Aggravated Assault Charges NJSA 2C:12-1B
As a defense attorney and prosecutor I have handled hundreds of assault cases. Aggravated assault comprises a wide range of offenses that can be brought in several contexts. These include domestic violence, street fights, and car accidents involving intoxication or recklessness. Aggravated assault is considered a serious crime in New Jersey. Providing those that are found guilty with harsh consequences that can follow them for the rest of their life.
What makes this crime even more challenging and confusing is that numerous everyday situations can result in an aggravated assault charge. And in some cases, you may not even think you are doing anything wrong- protecting yourself, your loved ones, or even your property. Whatever the situation is, if you have been charged with aggravated assault, it is essential to hire a skilled New Jersey criminal defense attorney that can help you understand your rights and defend them in the best way possible.
Aggravated Assault- What is it?
According to the New Jersey Aggravated Assault Statute (NJSA 2C:12), aggravated assault elements include the following:
- The attempt to cause serious bodily injury with extreme indifference.
- Recklessly causing bodily injury to another individual with a deadly weapon; or.
- Recklessly displaying extreme indifference to another human life.
These elements may seem fairly straightforward. However, aggravated assault is actually a quite complicated and confusing crime. To help break it down further, the following are specific scenarios in which an individual can be found guilty of aggravated assault.
- When an individual knowingly points a firearm in the direction of another individual, or a police officer, whether or not the accused knew it was loaded.
- Committing a simple assault against any of the following individuals during their scope of employment:
- Police Officer
- EMT/EMS Responder
- Teacher, School Administrator, School Board Member, School Bus Driver, or Any Other School Employee
- Judiciary Members (Judges and Justices)
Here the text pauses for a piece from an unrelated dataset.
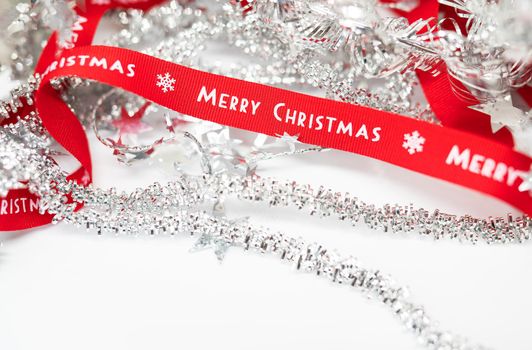 Christmas silver tinsel with Merry Christmas lettering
- Train Conductor, Bus Driver, or Other Employee of a Rail Passenger Service
- Division of Youth and Family Services Employee
- Jail Employees including a Department of Corrections Officer
- Cable Company Employee or Utility employee
- Health Care Workers
- Direct Care Worker at a Psychiatric Facility
- Hurting an individual and causing them a bodily injury when trying to flee from a police officer or while committing a theft crime.
- Purposely starting a fire or an explosion that causes bodily injury to emergency service workers.
- When an individual knowingly displays, points, or uses an imitation firearm in the direction of a police officer with the intent to intimidate, threaten, or put the officer in fear of bodily injury, or for any other unlawful purpose.
- Activate a laser sighting system or device (that would cause a reasonable person to believe that it is a laser sighting system) against a law enforcement officer.
What is Required for the State to Prove these Charges?
For the state to prove the charges of aggravated assault against a defendant, the prosecutor needs to show every aspect of the crime or rather all the elements listed above beyond a reasonable doubt.
Specifically, they need to show that the defendant intentionally threatened an attack that resulted in the victim’s fear, or that the defendant made an attempt or accomplished a physical attack against another individual. The state also needs to prove the specific facts that turned the assault into an aggravated assault, including:
- A deadly weapon was used.
- The defendant concealed their identity.
- Severe personal injury was inflicted.
- The defendant committed the assault with the intent of committing some other serious crime
- The defendant committed harm to a victim that was a member of a protected class ( such as a police officer or a school employee.)
Punishments for Aggravated Assault
In New Jersey, an individual can face charges for simple assault or aggravated assault. As it implies, aggravated assault is a much more serious crime with significant consequences. The specific conditions of the case, including the severity of the injuries, will determine the degree of punishment an individual is charged with.
Fourth-Degree Aggravated Assault
When an individual recklessly injures another person with a deadly weapon, points a firearm at another person, or commits a simple assault against an officer or another person defined in the statue (i.e., teacher) but does not cause them bodily harm they can be convicted of a fourth-degree offense.
Fourth-Degree Punishments: Includes up to 18 months in jail and a fine of up to $10,000.
Third-Degree Aggravated Assault
An individual can be charged with third-degree aggravated assault when they commit the following actions:
- Purposely attempt to hurt another with a deadly weapon
- Trying to cause serious injury to another individual in a manner that shows an indifference to the value of human life.
- Pointing a gun (even an imitation gun) at a police offer.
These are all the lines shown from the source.